Myron se sentó a una mesa vacía que había en un rincón. Había varios tipos trajeados, pero la mayoría de la clientela era de clase trabajadora. La gente con dinero iba a locales de topless como Goldfingers o Score, donde las mujeres eran más agradables a la vista, aunque sus dotes corporales fueran tan auténticas como las de una muñeca hinchable.
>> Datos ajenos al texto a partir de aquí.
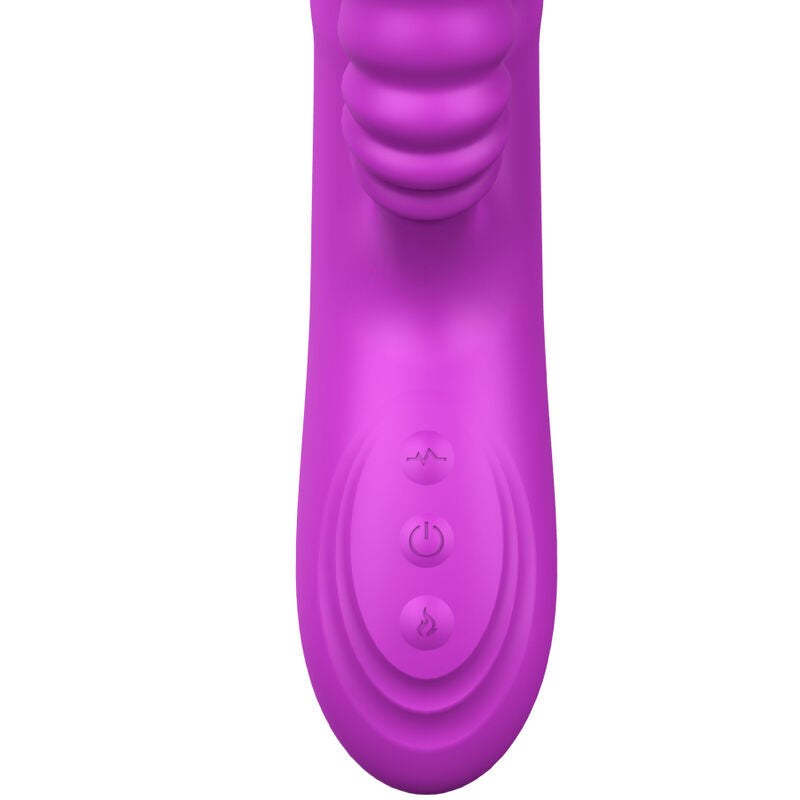 ARMONY - ANGELIA MULTIFUNCTION VIBRATOR WITH STIMULATING TONGUE VIOLET HEAT EFFECT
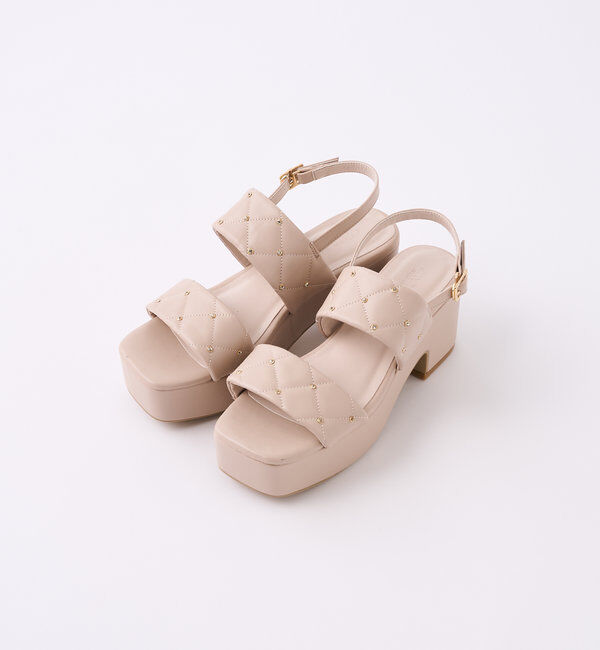  「【前田大翔さんyoutubeセレクトアイテム】ビジュースタッズキルトサンダル」|その他|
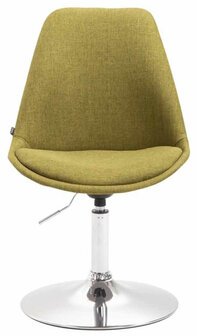 4-delige set stoelen Miverack C stof, Groen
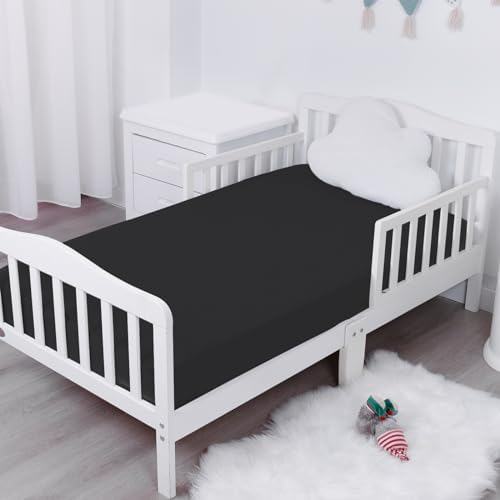 Magik Kover Waterproof Crib Sheets 2 Pack for Boys Black 52x28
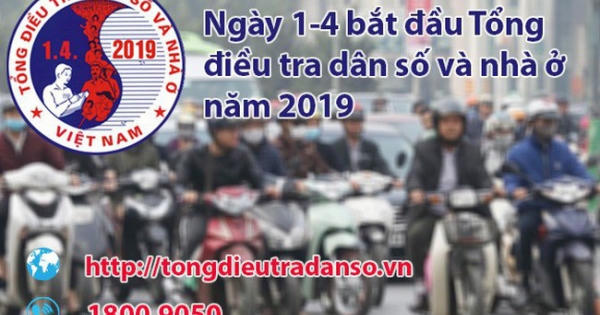 Ngày mai, hơn 120.000 điều tra viên bắt đầu cuộc điều tra cực lớn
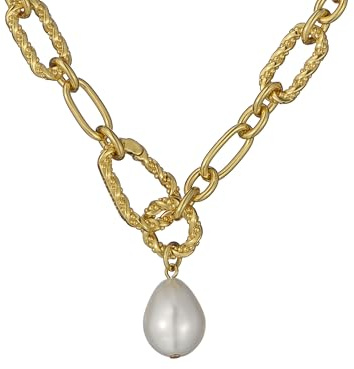 Ted Baker London Timora Twisted Pearl Pendant Necklace for Women (Gold/Pearl)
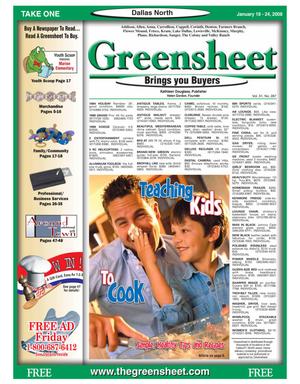 Primary view of object titled 'Greensheet (Dallas, Tex.), Vol. 31, No. 287, Ed. 1 Friday, January 18, 2008'.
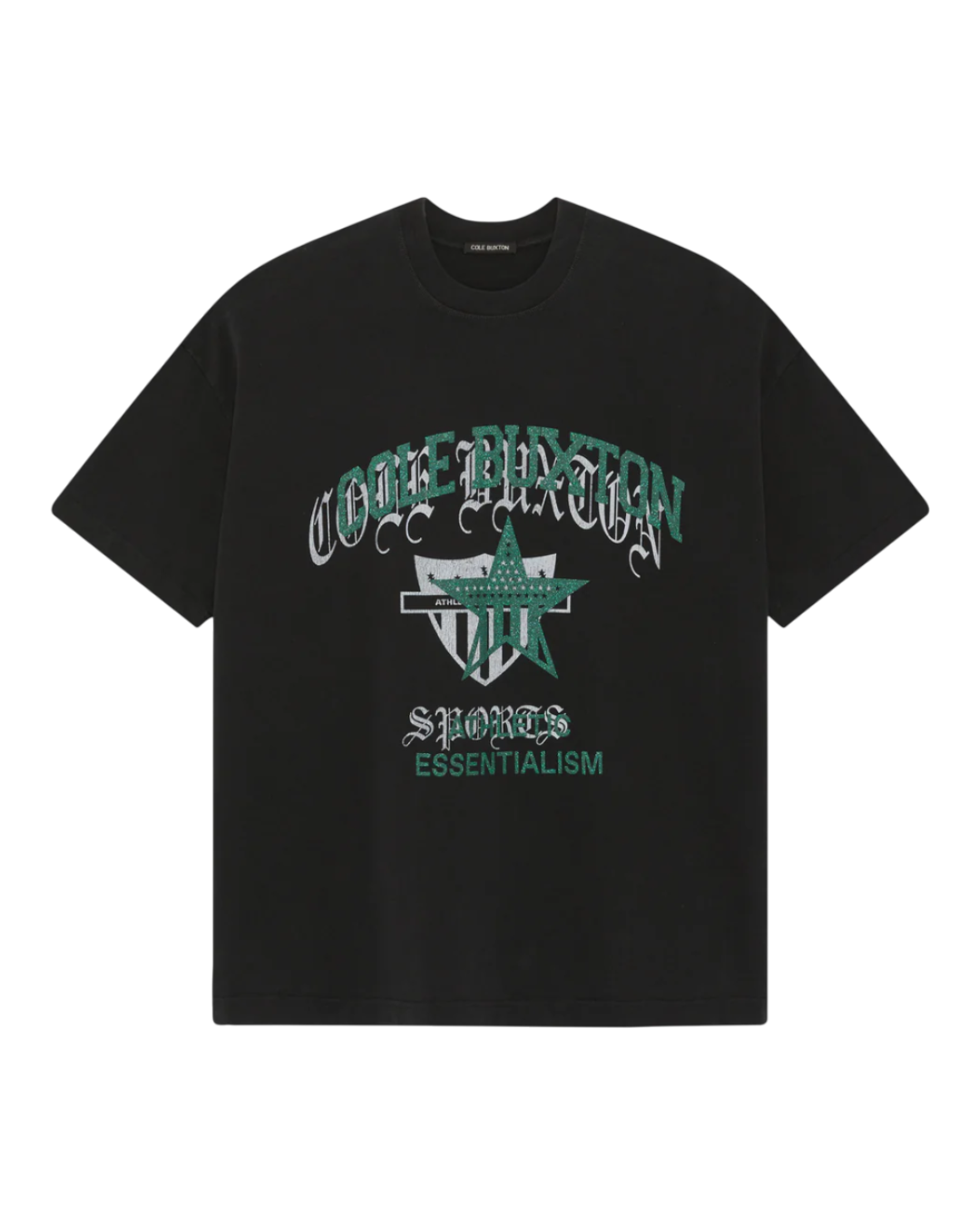 COLE BUXTON AMERICANA OVERLAY T-SHIRT - VINTAGE BLACK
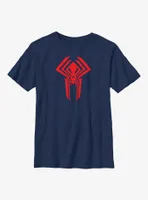 Marvel Spider-Man: Across The Spider-Verse Miguel O'Hara 2099 Logo Youth T-Shirt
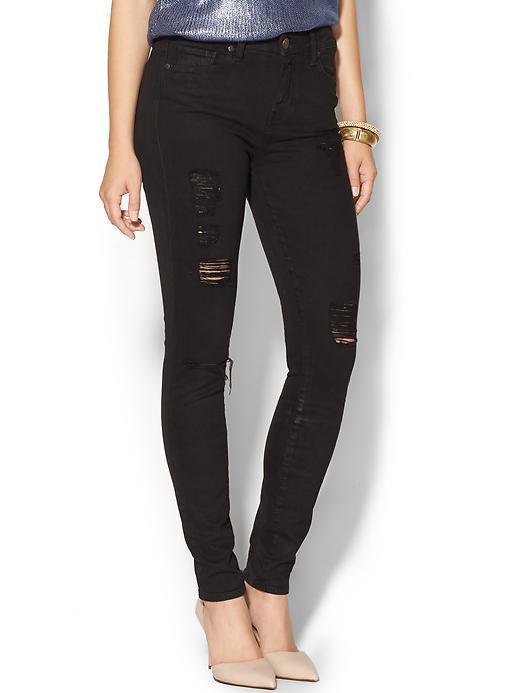 Paige Hoxton Ultra Skinny Jean - Black Destructed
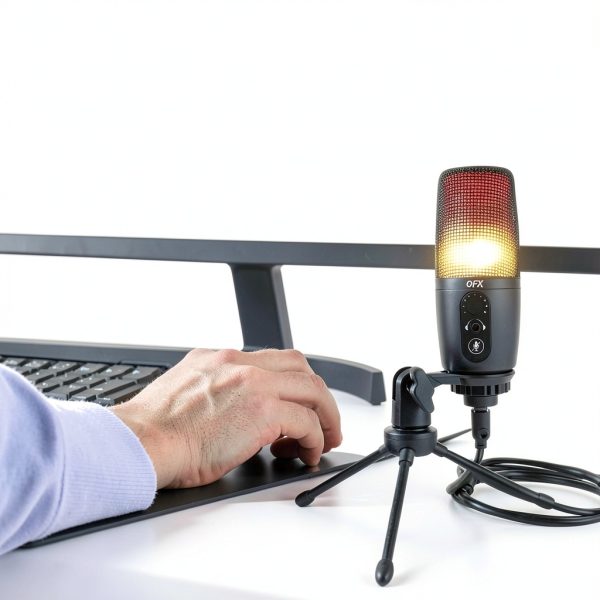 QFX M-192 USB Microphone RGB Lights Gaming Streaming-5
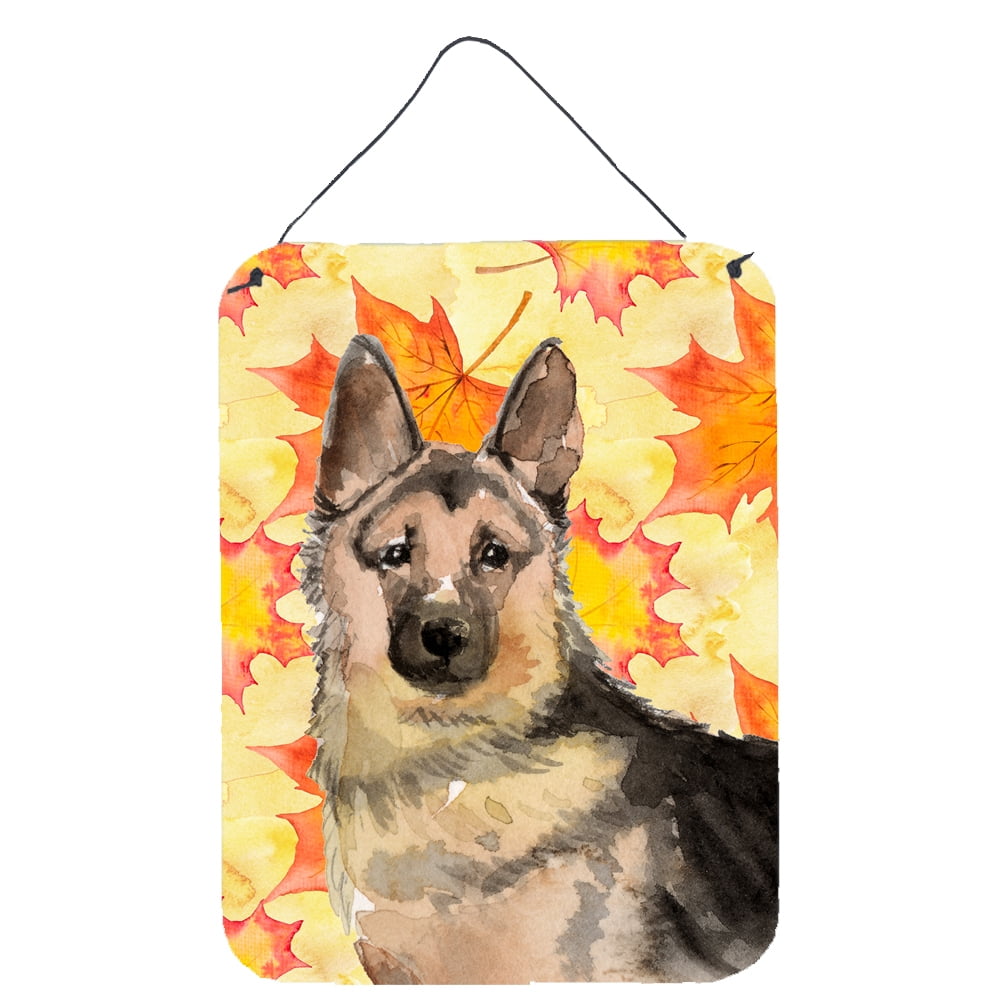 Picture of Carolines Treasures BB9523DS1216 German Shepherd Fall Wall or Door Hanging Prints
Frente al escenario central había dos hombres que no paraban de reír. Uno era blanco y el otro negro; encajaban con la descripción de Win. Cuando las bailarinas cambiaron de escenario, la que estaba delante de ellos bajó al nivel del suelo. Debía de ser su tiempo de descanso. Los dos se pusieron a negociar con ella. En sitios como Goldfingers o Score, se pagaban veinte o veinticinco dólares por un baile encima de la mesa que, básicamente, era lo que su nombre indicaba. La chica se quitaba el top y bailaba encima de tu mesa durante unos cinco minutos. Sin contacto físico de ningún tipo. En cambio, en La Almeja Alegre, la orden del día era algo muy de moda últimamente que se llamaba lap dance y que se practicaba en los rincones más discretos del bar. El lap dance consistía en que la bailarina colocaba su trasero sobre la entrepierna del hombre y lo hacía girar hasta que éste alcanzaba el orgasmo. Dejando de lado la repugnancia moral de aquella gracia, á Myron le planteaban varias dudas los aspectos técnicos. Por ejemplo: después de hacerlo, ¿cómo iba a ir un tipo por ahí el resto de la noche? ¿O es que la gente siempre lleva ropa interior de recambio en el bolsillo?